By Connor Wilson (@Conman_815)
On what was a warm day, reaching the mid-50s in some spots of Connecticut, March officially felt like it had arrived.
With March comes madness, and with madness comes heartbreak. In a one-bid league like the NEC, once conference tournament season comes around, it becomes a mindset of survive, or have your season come to an abrupt conclusion.
As the NEC Tournament opened Wednesday, both No. 2 seed Central Connecticut and No. 7 seed Wagner had the same goal: Survive. The Blue Devils had lost on their home floor in the playoffs in back-to-back years, while Wagner was looking to regain the feeling of its 2024 team that won the NEC championship.
In front of a packed crowd in New Britain, it was the visiting Seahawks who came out on top, knocking off the higher-seeded Blue Devils, 70-60, behind a ferocious second-half attack and three scorers with 16 or more points. For CCSU, it meant two straight games of shocking losses at home in the postseason after dropping last year’s memorable NEC title game to Saint Francis.
“A lot of credit to Wagner, those guys play hard,” head coach Patrick Sellers said. “They had won four straight coming into the game and they’ve been playing hot at the right time.”
The opening minutes had eerily similar vibes to that infamous day last March, as the two squads combined to make two of their first 17 shots from the floor. The score was tied at two for a while before Darin Smith, Jr. got to the line on an impressive pump fake that got his defender to bite. The NEC Player of the Year knocked down two free throws, the start of an 18-point first half explosion. He would finish the night with 29 points.
“I was just playing Central Connecticut basketball,” Smith said. “Play for my team, play together, just try to read the game and play as hard as I can.”
By the under-12 media timeout, Central had built an 18-13 lead, headlined by an impressive offensive rebound from Daniel James that set up a Melo Sanchez triple. From there, Wagner responded with a 9-1 run to take a three-point lead capped off by a three from all-NEC second-teamer Nick Jones.
The Blue Devils responded right away and tied it up after Jay Rodgers crossed up Jones and stuck a deep triple near the end of the shot clock. From there, the CCSU offense would really take off, as Roddy Jones banged one of his signature catch-and-shoot treys and Smith went on a personal 8-0 run.
“We tried a little bit of everything to get Smitty the ball,” Sellers said.
Smith’s surge was significant percentage-wise, because he started the half shooting 1-for-9 from the floor before closing 4-for-5 with three triples, all of which coming in the final four minutes of the half. The Seahawks built some momentum into the break, as Jones knocked down a pair at the line with 1.1 seconds remaining to make the score 35-31 at the intermission.
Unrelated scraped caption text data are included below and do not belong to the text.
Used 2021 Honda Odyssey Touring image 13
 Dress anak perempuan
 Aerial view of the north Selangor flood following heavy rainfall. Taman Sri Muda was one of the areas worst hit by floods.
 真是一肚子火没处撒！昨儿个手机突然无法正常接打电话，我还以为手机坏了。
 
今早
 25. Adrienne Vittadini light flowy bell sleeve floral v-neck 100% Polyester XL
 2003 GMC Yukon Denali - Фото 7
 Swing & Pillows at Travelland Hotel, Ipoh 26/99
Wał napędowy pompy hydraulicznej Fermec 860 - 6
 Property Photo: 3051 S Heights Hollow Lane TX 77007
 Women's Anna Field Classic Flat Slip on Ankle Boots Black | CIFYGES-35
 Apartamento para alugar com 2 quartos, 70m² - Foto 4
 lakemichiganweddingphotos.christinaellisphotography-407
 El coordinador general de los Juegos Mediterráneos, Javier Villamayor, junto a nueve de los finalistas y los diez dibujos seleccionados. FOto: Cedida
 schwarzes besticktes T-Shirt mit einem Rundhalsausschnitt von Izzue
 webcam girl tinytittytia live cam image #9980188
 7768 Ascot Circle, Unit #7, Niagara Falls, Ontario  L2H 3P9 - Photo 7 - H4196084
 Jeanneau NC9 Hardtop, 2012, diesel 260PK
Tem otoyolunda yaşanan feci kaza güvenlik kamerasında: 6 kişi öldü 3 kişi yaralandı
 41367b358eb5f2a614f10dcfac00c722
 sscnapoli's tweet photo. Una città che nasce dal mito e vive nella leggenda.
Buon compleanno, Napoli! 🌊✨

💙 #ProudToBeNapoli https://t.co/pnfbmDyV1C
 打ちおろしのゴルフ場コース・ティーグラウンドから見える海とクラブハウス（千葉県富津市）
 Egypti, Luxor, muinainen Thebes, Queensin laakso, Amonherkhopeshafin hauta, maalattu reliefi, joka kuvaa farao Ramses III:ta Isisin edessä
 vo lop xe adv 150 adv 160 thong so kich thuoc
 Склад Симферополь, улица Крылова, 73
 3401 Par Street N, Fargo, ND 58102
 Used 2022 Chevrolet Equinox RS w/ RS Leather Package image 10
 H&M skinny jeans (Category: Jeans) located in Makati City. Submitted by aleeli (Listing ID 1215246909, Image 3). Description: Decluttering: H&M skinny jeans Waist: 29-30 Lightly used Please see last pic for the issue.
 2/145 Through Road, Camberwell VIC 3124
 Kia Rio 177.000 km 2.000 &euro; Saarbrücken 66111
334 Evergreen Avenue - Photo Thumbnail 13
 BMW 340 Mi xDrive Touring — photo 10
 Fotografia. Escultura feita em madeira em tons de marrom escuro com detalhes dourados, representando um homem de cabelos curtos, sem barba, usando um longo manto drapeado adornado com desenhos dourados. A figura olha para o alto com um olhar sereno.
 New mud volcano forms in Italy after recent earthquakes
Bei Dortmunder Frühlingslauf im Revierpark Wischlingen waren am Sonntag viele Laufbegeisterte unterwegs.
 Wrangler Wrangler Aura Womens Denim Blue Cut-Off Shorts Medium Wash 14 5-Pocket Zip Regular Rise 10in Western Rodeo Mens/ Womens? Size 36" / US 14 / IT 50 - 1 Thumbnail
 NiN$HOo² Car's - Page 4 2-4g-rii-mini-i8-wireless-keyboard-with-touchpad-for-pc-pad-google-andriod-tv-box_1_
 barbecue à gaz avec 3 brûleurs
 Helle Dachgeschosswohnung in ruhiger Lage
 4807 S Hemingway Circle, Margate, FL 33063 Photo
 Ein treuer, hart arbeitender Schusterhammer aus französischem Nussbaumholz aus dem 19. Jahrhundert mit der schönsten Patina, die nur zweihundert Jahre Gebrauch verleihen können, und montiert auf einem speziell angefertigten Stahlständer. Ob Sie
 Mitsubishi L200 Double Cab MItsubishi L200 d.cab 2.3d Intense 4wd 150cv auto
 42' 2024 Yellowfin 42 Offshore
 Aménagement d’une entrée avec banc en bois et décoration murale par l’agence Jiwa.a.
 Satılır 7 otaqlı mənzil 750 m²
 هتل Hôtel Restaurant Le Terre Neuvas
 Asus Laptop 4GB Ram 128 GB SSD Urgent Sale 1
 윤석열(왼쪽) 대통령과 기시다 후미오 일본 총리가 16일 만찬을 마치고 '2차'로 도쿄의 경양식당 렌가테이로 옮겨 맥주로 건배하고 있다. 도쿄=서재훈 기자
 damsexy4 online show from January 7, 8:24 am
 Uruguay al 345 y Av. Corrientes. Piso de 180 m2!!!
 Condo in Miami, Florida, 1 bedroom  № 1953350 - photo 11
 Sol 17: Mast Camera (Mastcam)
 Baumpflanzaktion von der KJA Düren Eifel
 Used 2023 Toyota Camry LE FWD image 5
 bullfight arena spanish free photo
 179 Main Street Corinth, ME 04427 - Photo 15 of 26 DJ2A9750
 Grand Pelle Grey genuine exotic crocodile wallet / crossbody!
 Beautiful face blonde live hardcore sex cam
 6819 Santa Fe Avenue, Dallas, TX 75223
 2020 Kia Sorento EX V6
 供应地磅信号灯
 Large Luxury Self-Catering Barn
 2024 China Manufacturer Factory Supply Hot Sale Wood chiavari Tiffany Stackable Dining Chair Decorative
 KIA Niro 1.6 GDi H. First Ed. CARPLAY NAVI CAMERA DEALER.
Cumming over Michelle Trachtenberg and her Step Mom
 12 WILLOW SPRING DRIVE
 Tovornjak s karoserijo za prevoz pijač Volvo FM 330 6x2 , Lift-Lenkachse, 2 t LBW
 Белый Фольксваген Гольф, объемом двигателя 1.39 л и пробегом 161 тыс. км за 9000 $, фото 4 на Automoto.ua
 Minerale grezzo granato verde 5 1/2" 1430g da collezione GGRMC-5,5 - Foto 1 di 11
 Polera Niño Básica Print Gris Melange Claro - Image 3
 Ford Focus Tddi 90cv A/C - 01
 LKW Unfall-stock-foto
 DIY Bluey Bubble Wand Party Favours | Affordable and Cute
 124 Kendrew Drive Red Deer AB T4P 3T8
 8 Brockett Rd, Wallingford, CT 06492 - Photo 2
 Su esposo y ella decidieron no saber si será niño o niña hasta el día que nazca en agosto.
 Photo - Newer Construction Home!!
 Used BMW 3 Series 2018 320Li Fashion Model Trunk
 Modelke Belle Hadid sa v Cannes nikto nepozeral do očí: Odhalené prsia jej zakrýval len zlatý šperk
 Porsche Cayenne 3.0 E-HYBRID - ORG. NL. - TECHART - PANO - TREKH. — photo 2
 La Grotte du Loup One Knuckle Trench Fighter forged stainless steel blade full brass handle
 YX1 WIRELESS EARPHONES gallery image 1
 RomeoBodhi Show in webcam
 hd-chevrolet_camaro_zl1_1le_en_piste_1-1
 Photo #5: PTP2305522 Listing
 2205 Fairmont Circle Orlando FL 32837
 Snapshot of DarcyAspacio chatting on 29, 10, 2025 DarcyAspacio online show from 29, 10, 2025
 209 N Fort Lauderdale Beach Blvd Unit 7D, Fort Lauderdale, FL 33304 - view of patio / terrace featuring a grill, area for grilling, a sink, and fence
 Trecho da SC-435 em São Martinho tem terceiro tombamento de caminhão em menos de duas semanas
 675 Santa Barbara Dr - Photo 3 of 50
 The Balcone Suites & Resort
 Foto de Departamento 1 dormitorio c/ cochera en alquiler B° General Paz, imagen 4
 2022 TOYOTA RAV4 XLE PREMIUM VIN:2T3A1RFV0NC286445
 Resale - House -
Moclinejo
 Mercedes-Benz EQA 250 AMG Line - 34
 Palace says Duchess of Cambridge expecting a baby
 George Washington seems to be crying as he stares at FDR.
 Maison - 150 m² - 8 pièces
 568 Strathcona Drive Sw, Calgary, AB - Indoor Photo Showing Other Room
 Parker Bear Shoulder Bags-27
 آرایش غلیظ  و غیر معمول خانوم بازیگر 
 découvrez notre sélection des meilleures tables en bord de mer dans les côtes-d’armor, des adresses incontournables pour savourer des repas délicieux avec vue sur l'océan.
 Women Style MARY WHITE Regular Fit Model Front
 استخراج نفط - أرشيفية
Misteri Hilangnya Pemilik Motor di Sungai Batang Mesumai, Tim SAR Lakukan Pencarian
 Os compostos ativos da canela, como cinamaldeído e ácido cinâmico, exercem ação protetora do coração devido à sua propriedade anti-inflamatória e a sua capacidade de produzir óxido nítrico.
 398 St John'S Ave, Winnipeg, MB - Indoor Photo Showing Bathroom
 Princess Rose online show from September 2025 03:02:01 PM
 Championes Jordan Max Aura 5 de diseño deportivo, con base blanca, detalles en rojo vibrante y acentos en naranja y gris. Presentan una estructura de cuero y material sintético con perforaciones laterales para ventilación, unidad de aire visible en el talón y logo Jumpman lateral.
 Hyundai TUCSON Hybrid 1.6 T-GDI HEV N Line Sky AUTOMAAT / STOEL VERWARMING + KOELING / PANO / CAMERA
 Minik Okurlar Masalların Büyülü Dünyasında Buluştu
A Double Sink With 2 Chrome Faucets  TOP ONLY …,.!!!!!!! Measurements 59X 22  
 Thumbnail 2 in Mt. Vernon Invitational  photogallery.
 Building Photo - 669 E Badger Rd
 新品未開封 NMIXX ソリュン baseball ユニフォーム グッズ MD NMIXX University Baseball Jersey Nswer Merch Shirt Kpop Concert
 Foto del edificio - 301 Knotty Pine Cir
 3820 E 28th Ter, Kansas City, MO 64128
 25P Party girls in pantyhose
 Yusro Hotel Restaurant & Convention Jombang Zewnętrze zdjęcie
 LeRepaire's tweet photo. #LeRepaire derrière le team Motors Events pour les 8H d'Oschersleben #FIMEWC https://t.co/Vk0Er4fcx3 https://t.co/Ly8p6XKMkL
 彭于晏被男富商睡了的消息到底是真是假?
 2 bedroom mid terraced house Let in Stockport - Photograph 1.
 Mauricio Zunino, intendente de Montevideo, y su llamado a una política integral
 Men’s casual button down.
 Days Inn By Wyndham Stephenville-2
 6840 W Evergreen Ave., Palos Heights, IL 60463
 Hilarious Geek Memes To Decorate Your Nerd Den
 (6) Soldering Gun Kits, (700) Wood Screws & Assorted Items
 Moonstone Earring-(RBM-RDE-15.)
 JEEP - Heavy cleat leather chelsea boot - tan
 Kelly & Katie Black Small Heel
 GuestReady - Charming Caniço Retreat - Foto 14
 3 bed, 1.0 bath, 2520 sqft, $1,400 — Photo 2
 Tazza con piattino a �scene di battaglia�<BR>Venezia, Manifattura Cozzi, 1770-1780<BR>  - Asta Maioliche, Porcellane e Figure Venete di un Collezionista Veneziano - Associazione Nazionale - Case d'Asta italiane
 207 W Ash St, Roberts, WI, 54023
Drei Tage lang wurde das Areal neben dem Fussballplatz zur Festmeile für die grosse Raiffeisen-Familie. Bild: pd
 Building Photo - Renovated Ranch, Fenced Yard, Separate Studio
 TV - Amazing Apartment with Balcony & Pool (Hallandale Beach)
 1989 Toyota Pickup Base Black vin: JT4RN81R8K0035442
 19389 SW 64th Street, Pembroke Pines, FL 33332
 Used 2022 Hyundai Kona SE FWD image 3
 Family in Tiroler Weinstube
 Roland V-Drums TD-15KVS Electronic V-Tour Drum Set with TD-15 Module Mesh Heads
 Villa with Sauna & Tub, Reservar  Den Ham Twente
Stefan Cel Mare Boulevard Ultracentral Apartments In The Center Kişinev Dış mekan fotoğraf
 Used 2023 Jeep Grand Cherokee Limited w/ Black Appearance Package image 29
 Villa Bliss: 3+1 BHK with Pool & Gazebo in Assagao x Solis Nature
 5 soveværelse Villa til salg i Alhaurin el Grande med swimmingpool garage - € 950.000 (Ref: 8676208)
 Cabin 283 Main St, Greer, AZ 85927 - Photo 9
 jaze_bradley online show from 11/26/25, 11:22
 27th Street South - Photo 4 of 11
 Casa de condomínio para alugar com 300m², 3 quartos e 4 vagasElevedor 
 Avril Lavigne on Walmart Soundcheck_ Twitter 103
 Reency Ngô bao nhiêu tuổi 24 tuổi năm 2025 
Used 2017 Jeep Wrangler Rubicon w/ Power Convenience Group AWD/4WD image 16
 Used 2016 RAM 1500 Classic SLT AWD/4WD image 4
Both sides started the second half cold again, but Wagner was able to build a three-point lead, thanks to doubling up Central, 14-7, in the first 10 minutes. Another Nick Jones three broke a 42-all tie, but a few trips later, Smith hit his first second-half field goal with an assertive drive to the cup to make it 45-44. By the under-8 timeout, the Seahawks had a 50-46 lead.
From here, John Awoke awoke (pun certainly intended). The Wagner guard had a sequence in which he somehow managed to bank in a baseline jumper, then immediately after, got a friendly bounce to go his way on a three to make it 57-50 and trigger a Sellers timeout.
“My teammates did a great job finding me,” Awoke said. “I just did the easy part in knocking down the shot, but yeah, that came in a crucial time.”
The lead would never get less than seven again, peaking at 13 in the final minute thanks to two more free throws from Jones. At the final buzzer, Wagner completed the 70-60 upset over CCSU to advance to the semifinals, the second time in three years the Seahawks won a postseason game in New Britain.
“You just have to believe,” interim head coach Dwan McMillan said. “What we’ve shown the last half of the season, the connectivity has been there at a high frequency in the last month.”
Central was without its floor general in Rodgers for most of the second half after suffering a lower body injury, searching for answers and not getting them on the offensive end.
“Midway through the first half, he came off a screen and stopped really hard,” Sellers said. “He said it was his hip and his knee, and he’s had surgery on both, so I was hesitant to put him back out there.”
The loss certainly brings heartbreak, but it also puts a new plan into immediate action for Sellers and the staff with the state of college basketball.
“I told the guys, we’ll take a couple days off and then we’ll get together and have our exit meetings,” he said. “There, we’ll figure out who’s going into the portal, who’s leaving and who’s staying. We’ll have an idea of what we need recruiting-wise and start the process all over.”
As for Wagner, it is set to travel to top-seeded LIU on Saturday with a spot in the NEC championship on the line. The task may be tall, but the Seahawks have been facing adversity all year.
“It’s been an abnormal year, starting out as an assistant," McMillan said. “I moved into a teaching role, so I had to keep the energy going because the guys feed off that.”